By the time I'd gotten a cart and gone into the store proper, I realized that this was not just a momentary trouble.  My legs were wrapped in what appeared to be microfleece leggings, not yoga pants.  By the time I'd worked my way through the produce aisle and over to chips, my lower half was snap, crackle and popping as though my skin were made of Rice Krispies. Egads.  I caught another shopper's gaze traveling up and down me as she approached me near the crackers.  I was almost afraid to look down at myself, so I met her gaze with a jaunty "and???" look in response and kept on going.  Once safely past her Judgy McJudgerson glare, I risked a glance downward.  What had been comfy, microfleece yoga pants when I put them on at home were now Stage Five Clingers of highwater proportions.  I'm talking microfleece capris here, y'all.  It was not flattering.  (I'm not sure if I was drawing more ireful looks for the noise of the static electricity or the sight of my shrinkwrapped-in-microfleece legs and rear.  I'm pretty sure I was generating enough sparks to have a halo-effect of glow around me, though.)

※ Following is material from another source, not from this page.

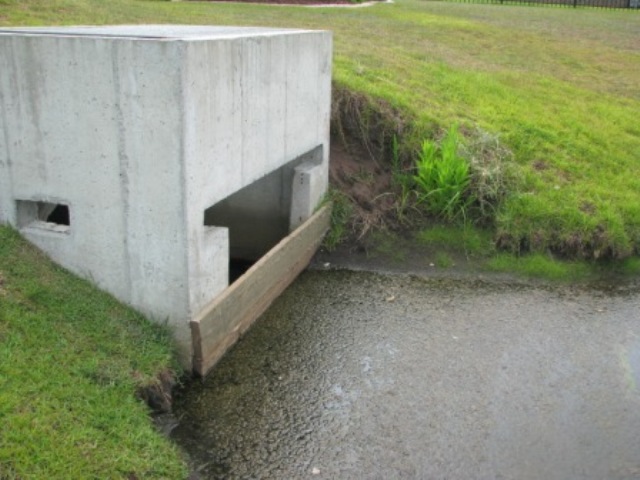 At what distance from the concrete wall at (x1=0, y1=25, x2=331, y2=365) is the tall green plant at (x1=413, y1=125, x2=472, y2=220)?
141 inches

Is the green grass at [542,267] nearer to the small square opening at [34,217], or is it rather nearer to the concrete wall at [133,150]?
the concrete wall at [133,150]

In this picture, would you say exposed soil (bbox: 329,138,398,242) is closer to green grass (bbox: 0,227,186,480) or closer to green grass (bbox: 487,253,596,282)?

There wasn't much I could do, besides shoplift a can of Static Guard from the shelves and make a break for the bathroom, but I was a bit worried that if I moved any more quickly, I'd actually burst into flames.  By this point, my hands were getting shocked every time I moved them the slightest bit on the cart handle.  I sounded as though I was hiding a popcorn popper in my undies.  I quite probably could've powered my neighborhood, if not the whole town, with the amount of electricity I was generating with each and every step.

Finally, I made it to the checkout, through the checkout and back outside.  Hoping that the falling snow would dampen the static, I walked as slowly as I dared back to the car.  I stopped a few times to tug the bottoms of my pantlegs down somewhere closer to my ankles (in retrospect, not having shaved probably didn't help matters - the stubble on my legs was standing straight up and likely contributing to the statickyness of it all).  I was so relieved to finally reach the safety of my vehicle where I could zap myself home in peace.

Can you imagine the headlines?  Stay at home mom dies in New Year's yoga pants conflagration....  Needless to say, I'm not wearing those pants, comfy as they may be, out in public again unless I douse them liberally with Static Guard first.

And how was your opening weekend of 2011?  Equally exciting but less combustible, I hope!